Hello, I have a task that requires me to take a large chunk of time-varying data, do some very custom processing (e.g. do some operations that require looking back), and output a single row for each item that represents a summary across the time series. For this, I use a tJavaFlex task, as I need to track the data along the way and reference prior rows (just as a side note wondering if there is another recommended task to do such a thing - I am pretty sure tJavaRow and tJava would not be better for this, even if at all possible).
So we start with a database query that simply feeds a tJavaFlex task via a main row connection, which then in turn writes out the correct file.
This all works ok, but I would like to know the following. I have a large (lets say 1 billion+ rows) table of time series data. It would be ideal to execute the query from the start in parallel rather than in one giant chunk (thus spawning several output files, which is ok). I also have one particular constraint: there are several groups of time series, so the data cannot be broken up arbitrarily - each time series corresponding to an item must be kept in the same processing unit. One thing I could do in the absence of anything else is manually change my query and make physically separate jobs, i.e. instead of one job that starts with a query: "select * from time_series_data order by item_id, time_period" do several jobs manually where I start with a query: "select * from time_series_data where item_id > X and item_id < Y order by item_id, time_period", changing X and Y along the way for each job. Is there a way that Open Studio 3.0.4 can execute this without my manually making new jobs?
Many thanks,
DomF
One Star

Re: Parallel processing of time series data

Hi DomF,
from my point of view Talend would be only able to use parameter (context variables) in your SQL statement and you could execute the script in parallel with different settings. But this must be in different processes (one will not know the other).
Bye
Volker
One Star

Re: Parallel processing of time series data

Volker,
Thank you for reply. Different processes would be ok. It's just that I have to be sure that each process does not overlap in data, and that each individual time series is not split across processes.
Could you provide an example of how to do what you suggest?
Many thanks,
DomF
One Star

Re: Parallel processing of time series data

Hi DomF,
starting with your example query "select * from time_series_data where item_id > X and item_id < Y order by item_id, time_period". I would suggest the following:
1) define two context variables (int?) named X and Y
2) use tInput with the following SQL:
"select * from time_series_data where item_id > " + context.X + " and item_id < " + context.Y + " order by item_id, time_period"
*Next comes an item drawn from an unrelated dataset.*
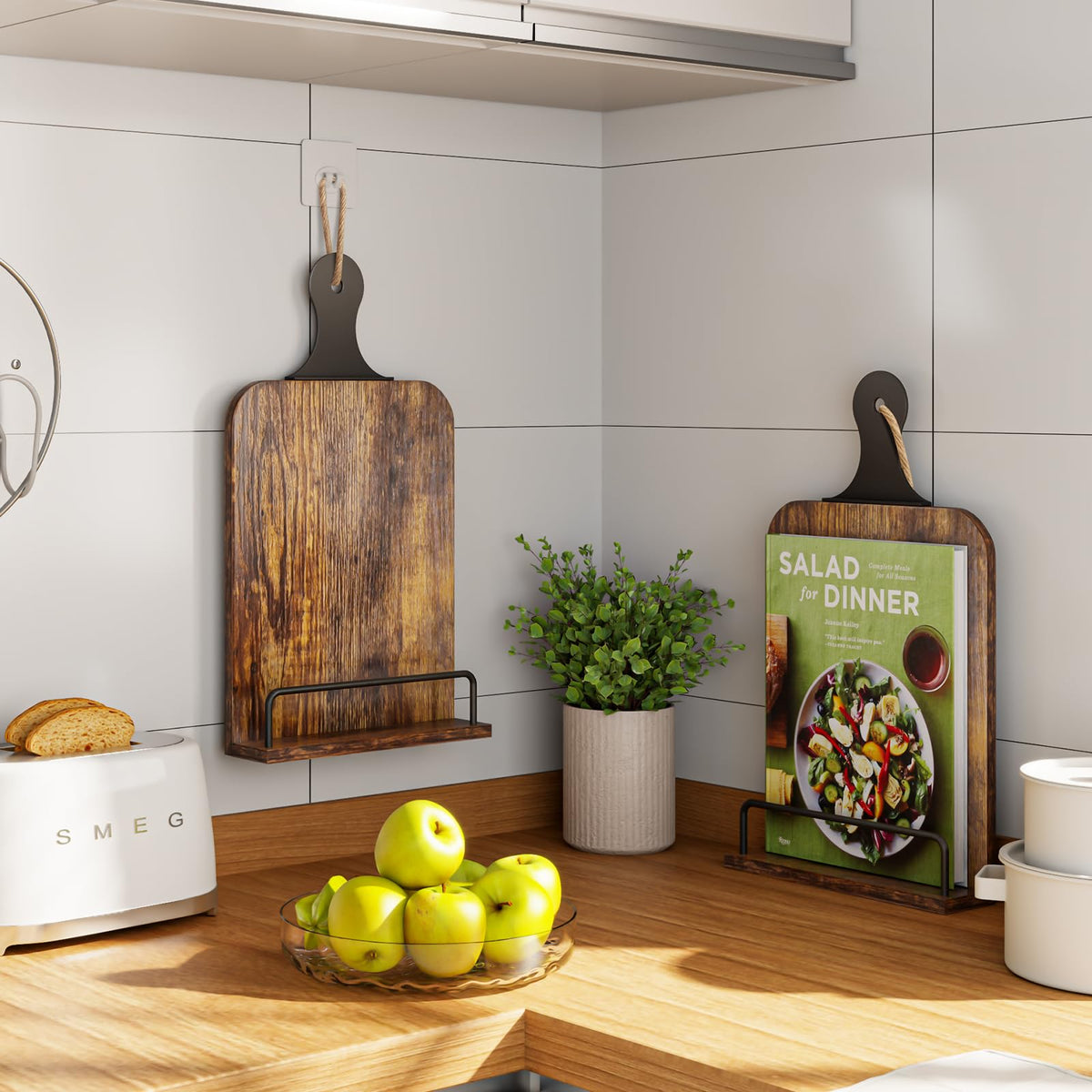 KLM rustic wood finish on wall for stylish kitchen display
3) The rest of the job should be designed concerning your needs.
To execute your job in parallel you need to export it out of Talend. Now you are able to execute it multiple times in parallel. To set the context value for each instance of you job you could find more information in 1615
Bye
Volker
One Star

Re: Parallel processing of time series data

Thanks Volker - I played with it a little more and came upon basically the same answer. Much appreciated.